Using External Knowledge

Using external information has been one of the popular topics in keyword extraction. MAUI [37] is a keyword extractor which has an option to produce keywords from a custom vocabulary. It does this by replacing ngrams with matching descriptors in the vocabulary. One may view the process as a term normalization via external knowledge. Medelyan [37] reported that MAUI, when tested on three datasets, each with a different vocabulary, was able to recover about 40 to 80% of human assigned keywords. The work went on to explore the use of Wikipedia as an external source, which eventually evolved into an approach that treats a Wikipedia title as a keyword. The author suggests the following formula to find a title that matches a given word:

$$\begin{aligned} S({\it w},T) = P(T\mid {\it w}) \dfrac{\sum _{c\in C} R(T,c)}{|C |}. \end{aligned}$$
(19)

w represents a term we want to project into Wikipedia. C represents a context of w, a set of ngrams that co-occur with w in a given page. T denotes a Wikipedia title. \(P(T\mid {\it w})\) is the probability of seeing T given w. R(xy) measures how closely x and y are related. The greater the value, the closer the association between x and y. The formula looks like the following:

$$\begin{aligned} R(x,y) = 1 - \dfrac{\log (\max (|X |, |Y |)) - \log (|X \cap Y |)}{\log (N) - \log (\min (|X |, |Y |))}. \end{aligned}$$
(20)

x and y are ngrams, X (or Y) a set of incoming links to a page to which x (or y) is mapped, and \(|X |\) its size. N is the total number of articles in Wikipedia. Clearly, \(R(x,y)=R(y,x)\). We may interpret Eq. 19 as saying: if you have an ngram w which relates to multiple Wikipedia pages, pick one which is contextually relevant to w and moreover which occurs frequently with w. For example, apple could mean a number of things; an edible fruit, a place, an American computer company. Equation 19 is intended to disambiguate a term based on a context in which it occurs and on how frequently each of the associated senses is used. Thus, if it is found with words like orange, banana, juice, and mango, it is more likely to be mapped into a page representing an apple as an edible fruit.Footnote 7

It is worth noting that MAUI draws upon a technique known as wikification [39]. Wikification is yet another keyword extraction method, which leverages Wikipedia to identify potential keywords. To test if a given word is a keyword, it goes to Wikipedia to see if it is used as an anchor. If it is, then the word will be stored in a set of candidates before they are scored according to a metric it calls keywordness, a measure indicating how likely a particular word occurs as an anchor in Wikipedia. The more frequently a word appears as an anchor, the higher it is ranked as a keyword. One drawback is that a newly minted word or a word that entered the public conversation recently is likely to be undervalued, because it has little presence in Wikipedia. This means that to avoid a failure, MAUI needs to keep ‘knowledge-lean’ methods like \(\chi ^2\), or TFIDF as a backup.Footnote 8

Classificatory Keyword Extraction

Classificatory keyword extraction (CKE) represents a class of approaches that work by scanning contiguous spans of a text for keyword, where we visit each word, determining whether or not to include it in a pool of potential keywords. Much of the past and present work, supervised or unsupervised, falls under this category.
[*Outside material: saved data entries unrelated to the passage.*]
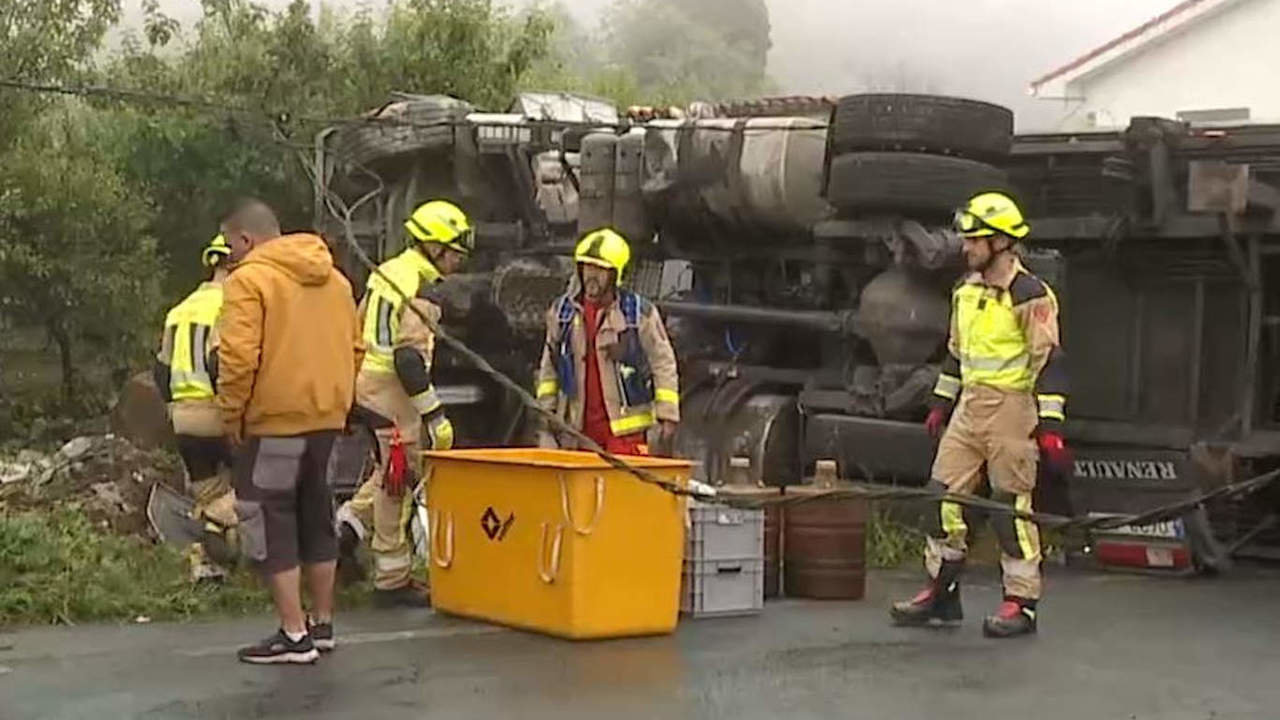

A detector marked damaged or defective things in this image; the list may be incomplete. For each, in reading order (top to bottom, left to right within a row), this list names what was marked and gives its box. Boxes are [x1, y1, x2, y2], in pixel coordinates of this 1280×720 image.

overturned truck [314, 92, 1280, 568]
rusty barrel [778, 486, 870, 599] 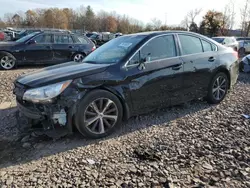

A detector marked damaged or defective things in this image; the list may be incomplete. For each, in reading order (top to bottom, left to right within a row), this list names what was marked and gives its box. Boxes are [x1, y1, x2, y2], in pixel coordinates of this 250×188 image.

crumpled hood [17, 61, 111, 88]
broken headlight assembly [23, 79, 72, 103] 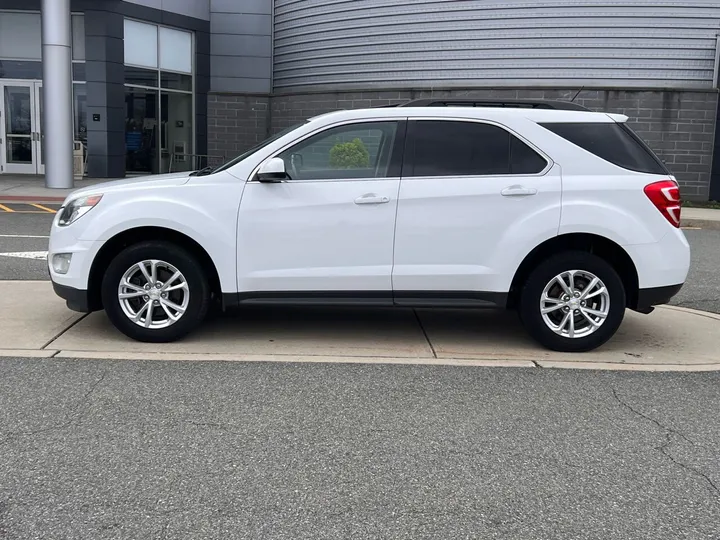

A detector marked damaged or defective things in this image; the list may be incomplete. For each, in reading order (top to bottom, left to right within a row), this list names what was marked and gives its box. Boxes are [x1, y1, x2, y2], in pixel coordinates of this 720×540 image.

pavement crack [612, 388, 716, 498] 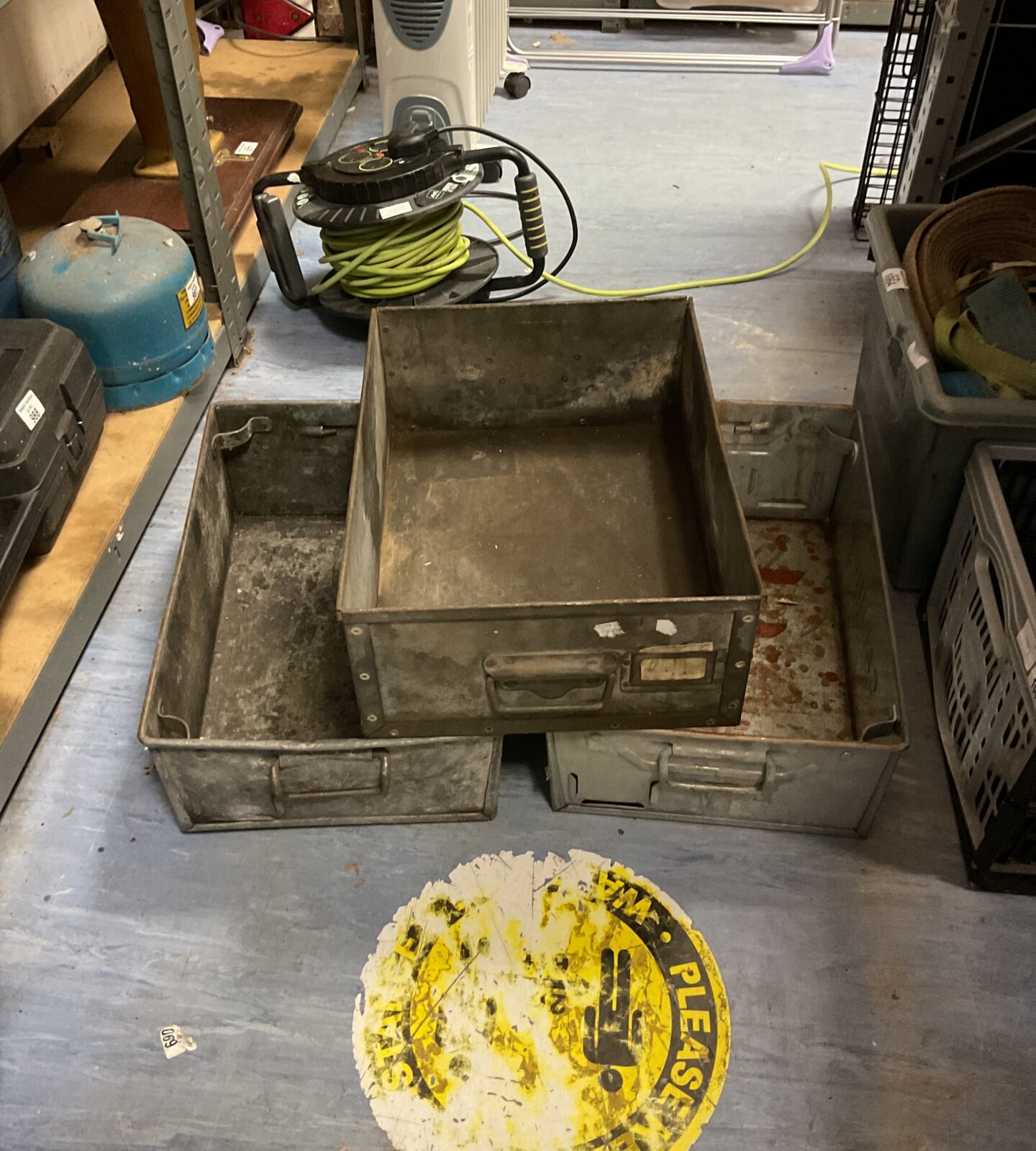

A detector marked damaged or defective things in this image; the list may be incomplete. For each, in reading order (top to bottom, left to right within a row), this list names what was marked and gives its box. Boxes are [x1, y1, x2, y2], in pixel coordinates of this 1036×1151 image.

rust stain [754, 567, 806, 584] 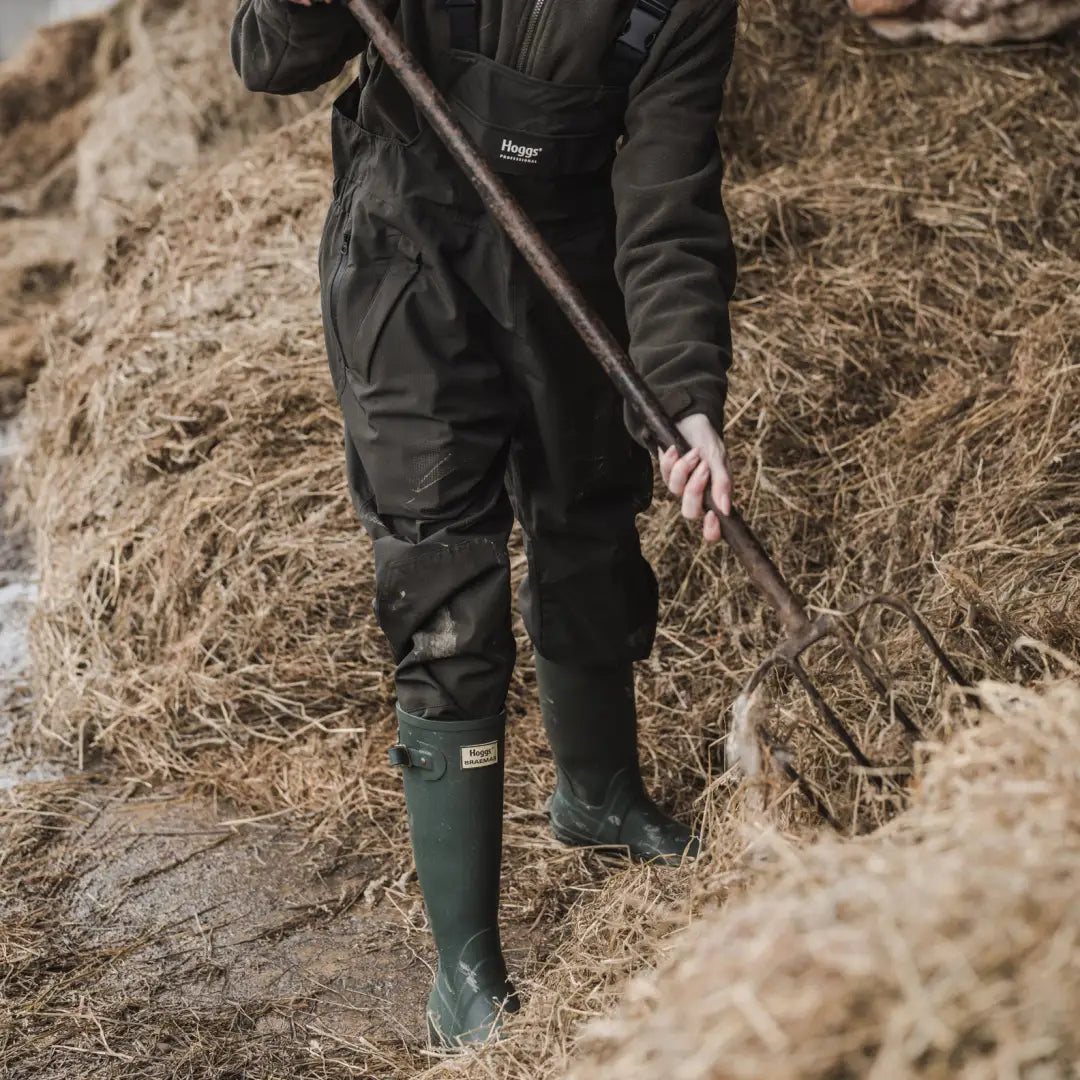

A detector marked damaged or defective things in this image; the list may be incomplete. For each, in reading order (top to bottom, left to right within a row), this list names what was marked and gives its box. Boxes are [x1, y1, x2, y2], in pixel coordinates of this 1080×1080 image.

rusty metal tine [851, 596, 972, 686]
rusty metal tine [756, 721, 838, 829] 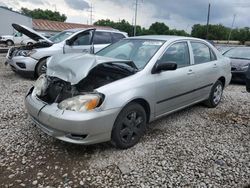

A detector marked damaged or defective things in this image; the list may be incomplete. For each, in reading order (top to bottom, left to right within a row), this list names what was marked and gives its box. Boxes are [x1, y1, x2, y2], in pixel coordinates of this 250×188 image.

crumpled hood [12, 23, 52, 43]
damaged bumper [5, 55, 37, 77]
damaged front end [32, 59, 137, 111]
crumpled hood [46, 53, 134, 85]
damaged bumper [24, 87, 120, 145]
broken headlight [58, 94, 101, 112] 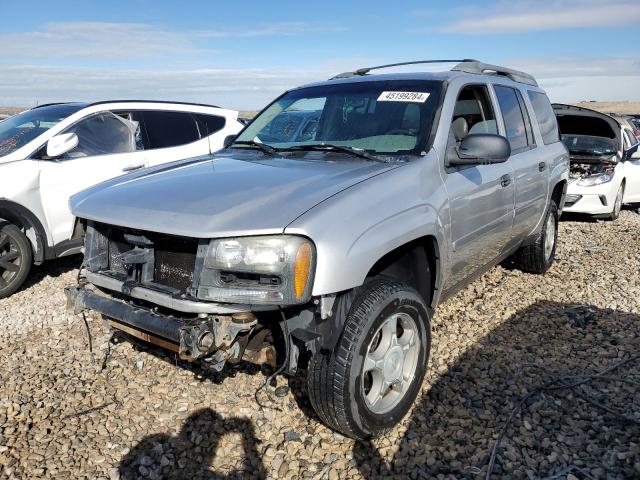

In their short paper published in 2018 for AAAI, Florescu and Jin [20] introduced an approach based on a random walk. Like Ohsawa et al. [43], Matsuo and Ishizuka [36], and Mihalcea and Tarau [40], it treated a text as a network of words, with the strength of an association represented by how often they occur together. A major difference between Florescu and Jin [20] and what preceded them lies in their use of latent representations acquired from random walks [46] to determine the strength of connections. The authors reported an improvement over past methods that relied on a word-based representation.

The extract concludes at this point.